I’m sure most of us saw viral snippets of US District Judge Ketanji Brown Jackson’s Supreme Court confirmation hearings on social media. From Ted Cruz asking if baby’s were racist to Marsha Blackburn asking how to define the word “woman,” most of us can agree that this was a ridiculous line of questioning for anyone—let alone someone as qualified as Ketanji Brown Jackson—to sit through.
As strange as it seems, some of us felt an all too familiar feeling when watching the hearings. You may ask, what could an average person even have in common with Judge Jackson, and what the committee made her endure? Well there are many shared experiences that stem from systematic oppression. How Judge Jackson handled these aggressive questions thrown at her is something all too familiar for many Black, Indigenous and Women of Color (BIWOC) seeking higher societal positions.
We saw our experiences in how she adeptly deflected irrelevant questions asked by predominantly old, white men and eloquently answered ones that did matter. But most importantly, we saw our experiences in the long pause she took, followed by an extremely heavy sigh when Senator Ted Cruz asked her, “Do you agree that babies… are racist?” In that moment, I could see the internal calculation behind her eyes as she pondered whether to speak strategically or give Cruz a piece of her mind for such a bizarre, disrespectful question.

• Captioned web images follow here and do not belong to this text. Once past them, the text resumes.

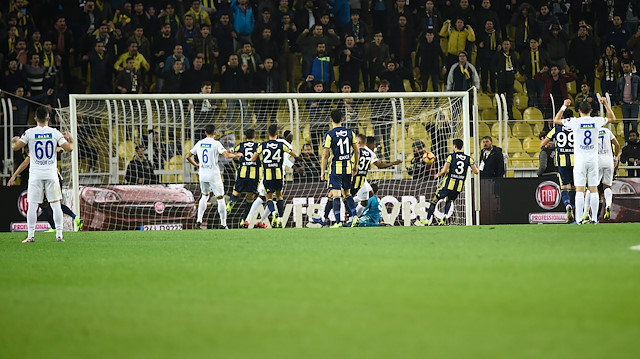Harun, Diagne'nin penaltısını kurtardı! Dönen topu Eduok gol yaptı ancak VAR incelemesi sonucu ceza alanın erken girdiği için iptal oldu.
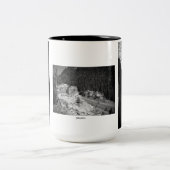 "Todesfahrt" durch die Alpen Zweifarbige Tasse (Mittel)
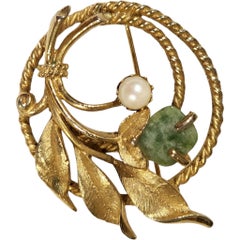 Sarah Coventry Gold-Tone Wreath Brooch with Real Pearl and Green Aventurine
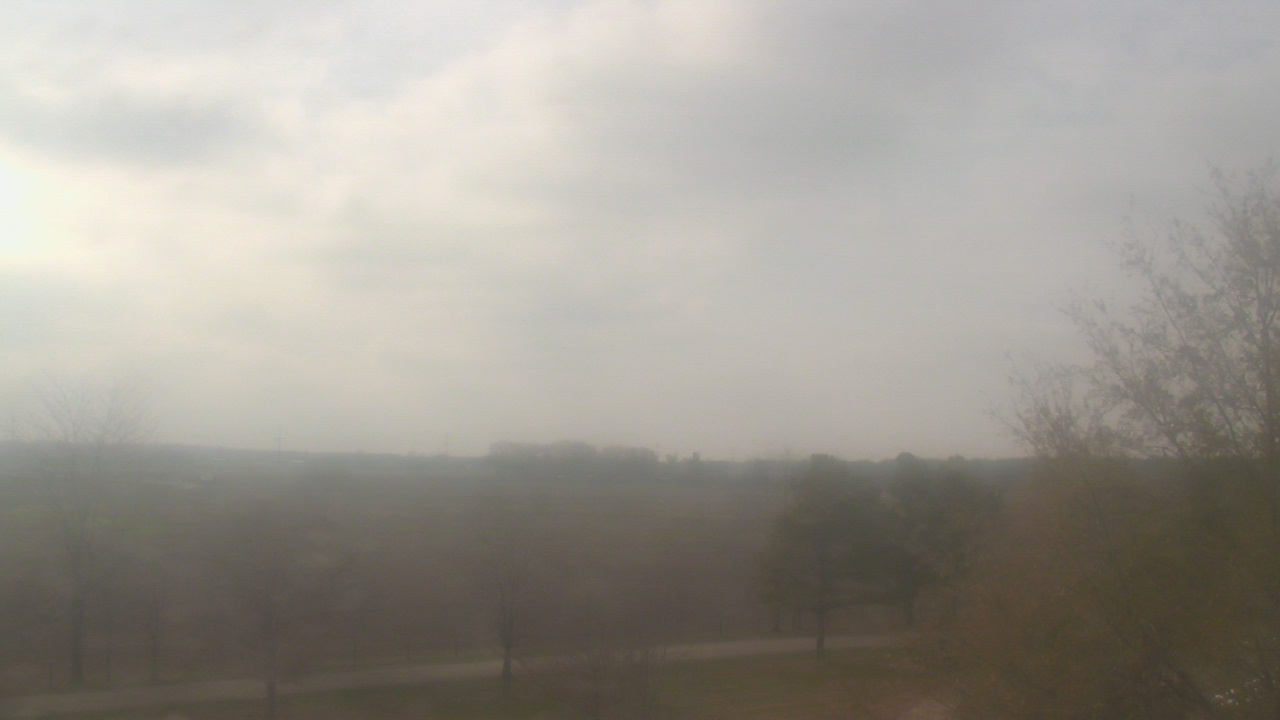 Thumbnail for current weather camera view from Walkers Bluff in Cambria, Illinois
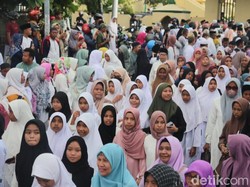 Tahun Baru Hijriah, Warga Ternate Pawai Syiar Islam dari Kedaton Kesultanan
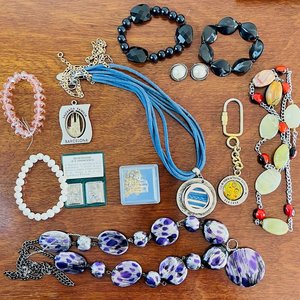 Lote de Bijouterie: Abanico, Lentes, Collares, Pulseras y Más - imagen 5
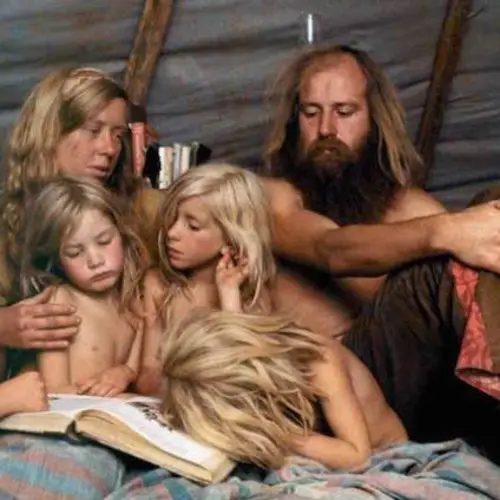 Society's Dropouts: 31 Eye-Opening Photos Of America's 1970s Hippie Communes
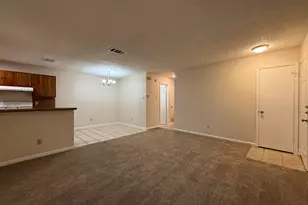 11945 Sunhillow Bend, Austin, TX 78758 - Photo 4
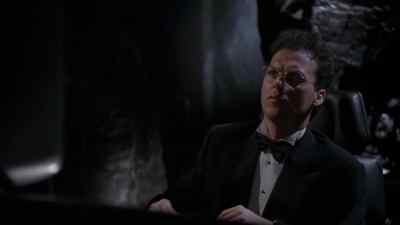 - Robert, what's up? - Anonymous tip. - Batman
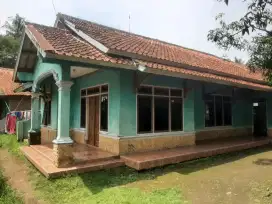 murah rumah di Garut banyuresmi siap huni 100meter ke jl kec h.arif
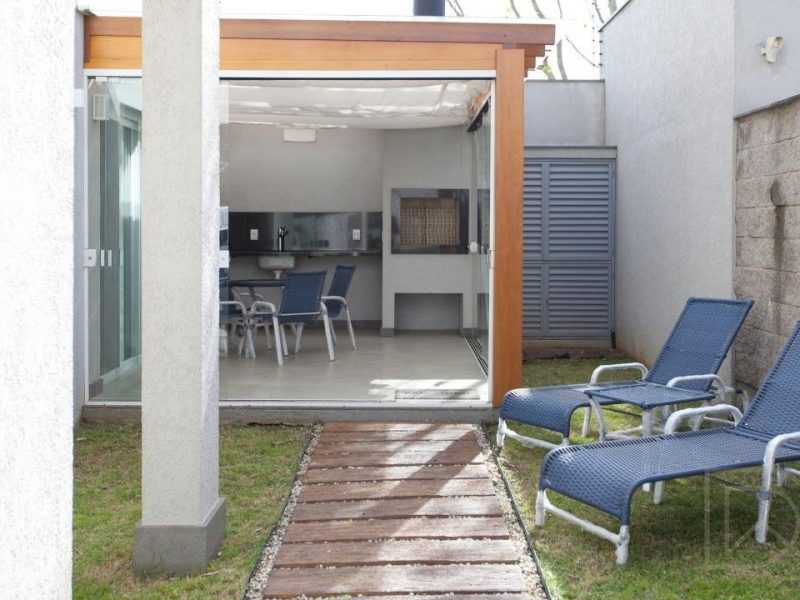 Casa em Condomínio à venda, 3 quartos, 1 suíte, 3 vagas no bairro Rondônia em Novo Hamburgo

After a long pause, Jackson understandably decided against speaking out and instead answered with, “I do not believe that any child should be made to feel as though they are racist….” Although I cannot speak on Jackson’s behalf, it is highly probable that years of experience in predominantly white settings as a Black woman have given her the skills to deal with these situations appropriately. Unfortunately, BIWOC are discouraged from speaking up or showing any type of emotional outburst for fear of being labeled as “emotionally unstable,” being taken less seriously or even having their words used against them. Our male counterparts can afford to make a scene and have it labeled as “standing up for himself.” If Jackson decided to let Cruz know how she really felt about his questioning, you could expect out-of-context video cuts on Fox News at 8 p.m. with Tucker Carlson.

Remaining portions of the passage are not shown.